Semplice: manca la capacità di fondere queste cose per creare qualcosa di unico e originale, perché solo se presenti in un unicum, questi requisiti possono generare quell'insieme di sensibilità estetica, disciplina, consapevolezza e ricettività, necessari a creare un'opera d'arte, perciò la risposta è no.

E la dimostrazione di ciò, sta proprio nell'esempio: Se io ne fossi capace, non delegherei alla macchina il compito di trasformare in versi le mie intuizioni, dal canto suo la macchina Per quanto possa essere abile tecnicamente,  ha bisogno che l'idea, la scintilla creativa, provenga dal di fuori,  e per quanto le mie descrizioni di questa idea possano essere  dettagliate, e la mia intenzione è quella di creare un capolavoro, l'algoritmo per il modo stesso di come funziona, non potrà che usare questo materiale per fare uscire delle imitazioni, opere costruite secondo criteri statistici, prive della minima originalità. 
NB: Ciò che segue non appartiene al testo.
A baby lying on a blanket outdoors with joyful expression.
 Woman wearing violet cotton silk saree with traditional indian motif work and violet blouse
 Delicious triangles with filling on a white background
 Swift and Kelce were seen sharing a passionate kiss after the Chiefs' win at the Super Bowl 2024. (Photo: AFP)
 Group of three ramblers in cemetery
E adesso, stabilito ciò che non lo è, finalmente possiamo tentare di formulare una definizione di artista:

L'artista è colui che possedendo tutti i requisiti, riesce a rendere tangibili idee potenti con padronanza e consapevolezza creando, qualcosa di unico e innovativo.


Mi pare che le macchine sono ancora molto lontane da questo traguardo.